No. Qwen3.7-Plus is a proprietary, API-only model. No open weights have been published; it is accessed through Alibaba Cloud Model Studio (DashScope) and resellers like OpenRouter.
What can Qwen3.7-Plus actually take as input?
It accepts text, images, and video, and returns text only.
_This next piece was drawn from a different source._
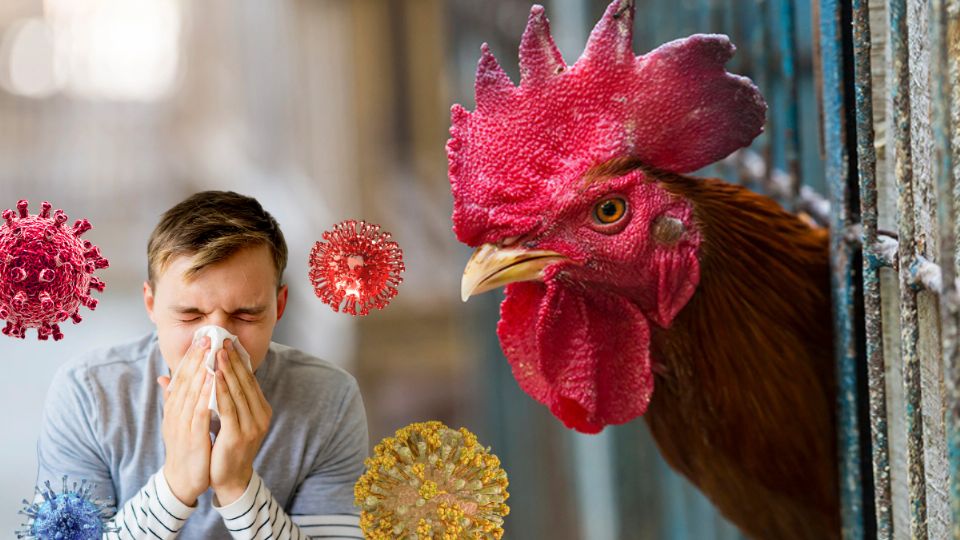 La gripe aviar puede ser contagiada directo de los animales a los humanos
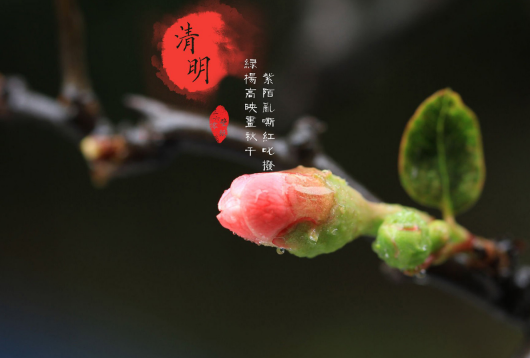 清明节烧纸在白天还是晚上（清明节烧纸是上午还是下午）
It is a perception and agent model — it reads screens, document images, and video frames, but it does not generate images.
How is Qwen3.7-Plus different from Qwen3.7-Max?
Qwen3.7-Plus adds vision and video understanding on top of the Qwen 3.7 backbone and is the lower-cost, multimodal agent tier. Alibaba lists it at roughly one-sixth the per-token price of the text-focused flagship Qwen3.7-Max.
How large is the context window?
Qwen3.7-Plus supports a 1-million-token context window, with a maximum output of 32,768 tokens per response according to Alibaba Cloud Model Studio documentation.